Findings on Error of Law
12. I am satisfied that there are material errors of law in this decision. Whilst acknowledging that the judge has given consideration at paragraphs 52 and 53 to the age of the child the judge has failed to follow the basic principles of Zambrano that as a matter of law it would not be possible to require the family as a unit to relocate outside the EU or for the Secretary of State to submit that it would be reasonable for them to do so where the child is a British citizen or the remaining spouse is a British citizen. Mr Tarlow has assisted the Tribunal considerably in his approach in that he has not sought to argue this point and whilst not going so far as to make concessions he points out that he has nothing further to add on the point.

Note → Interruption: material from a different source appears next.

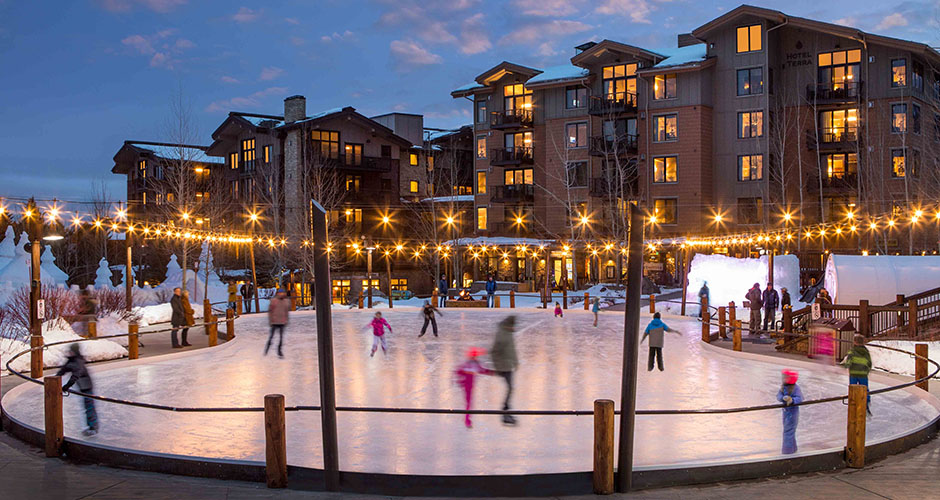 Ice Skating in Teton Village. Photo: Jackson Hole Mountain Resort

In these circumstances the judge has materially erred in law and I set aside the decision.
The Remaking of the Decision
13. I am asked by both parties that in the event that I find material errors of law that I remake the decision. That I now do. This is not a case where there has ever been any criminality and there is no public interest to be found with regard to the removal of a parent. I note the factual circumstances of this particular family and indeed it would be pointless removing the Appellant to Pakistan bearing in mind that it appears he has never actually lived there. In all circumstances, following the principles of Zambrano and Sanade, the correct approach is to remake the decision, allowing the appeal.

Decision
The decision is remade, allowing the appeal.

No anonymity direction is made.

Signed Date


Deputy Upper Tribunal Judge D N Harris





TO THE RESPONDENT
FEE AWARD

No application is made for a fee award and none is made.